The bloggers ran entries and pictures that referred to Cohen as a “skank” and a “ho.”
Cohen says that she was “shocked and embarrassed” by the entries “that were used to describe me as a promiscuous woman who is filthy, disgusting, foul and a whore.” The entries also trashed her for her appearance, hygiene and sexual conduct. One anonymous source wrote: “I would have to say the first-place award for “Skankiest in NYC” would have to go to Liskula Gentile Cohen.”
This could make for a fascinating torts case. First, there is the question of the right of Google to keep sources confidential. The court may be less than sympathetic since this is far removed from the traditional journalistic realm. Other individuals have sued for such trash talk on sites with little success as with the Dontdatehimgirl.com case. Second, there is the question of the defamation itself.
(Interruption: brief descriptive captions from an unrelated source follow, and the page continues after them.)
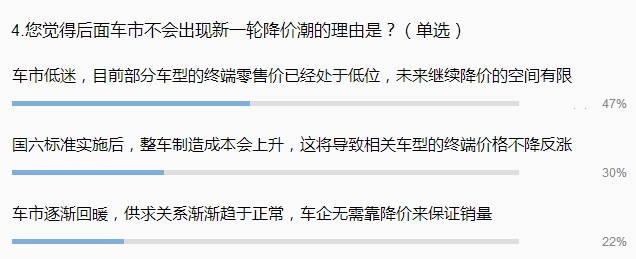 行业调查|2019车市“降价潮”一波接一波 已经蔓延至主流品牌？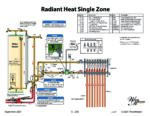 Radiant Heat Single Zone icon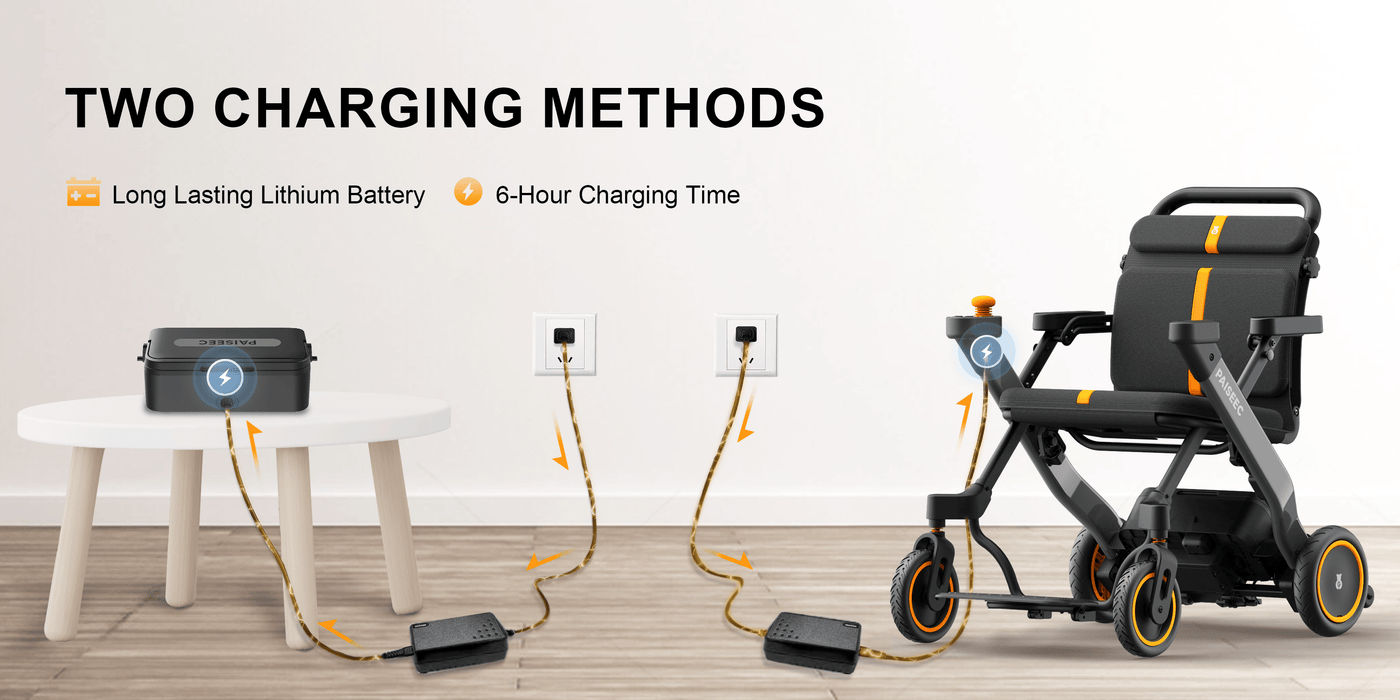 PAISEEC W1 2-in-1 Electric Wheelchair – folded dimensions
Truth remains a defense, which would make this a nasty fight in discovery and trial (if it went that far).
Under the common law, per se categories of defamation included allegations of being unchaste or engaging in sexual improprieties. (A somewhat date and often sexist category that applies almost entirely to women).
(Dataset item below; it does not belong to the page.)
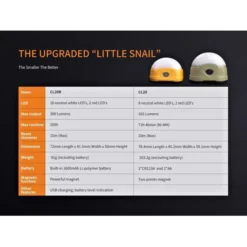 Fenix CL20R 21 Fenix CL20R -Outdoor Equipment CL20R 7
This would certainly fit that category where the anonymous critics write “She’s a psychotic, lying, whoring . . . skank . . . Desperation seeps from her soul, if she even has one.”
Courts will apply the standard of applying any non-defamatory meaning (if there is one). Under the common law, the court adopts the less defamatory meaning of common terms, including trash talk. One of the leading cases is Roby v. Murphy where the court explores the meaning of the term “slut.” This standard is fully explored by the Illinois Supreme Court in Bryson v. News America.
Then there is the complication that Cohen is a public figure, which puts her under the higher standard of proof of New York Times v. Sullivan. While her career has diminished in recent years, she would still satisfy the standard for a public figure and need to prove actual malice (which would seem easier than usual here). Google itself is not likely liable under governing precedent such as the Zeran case, discussed here.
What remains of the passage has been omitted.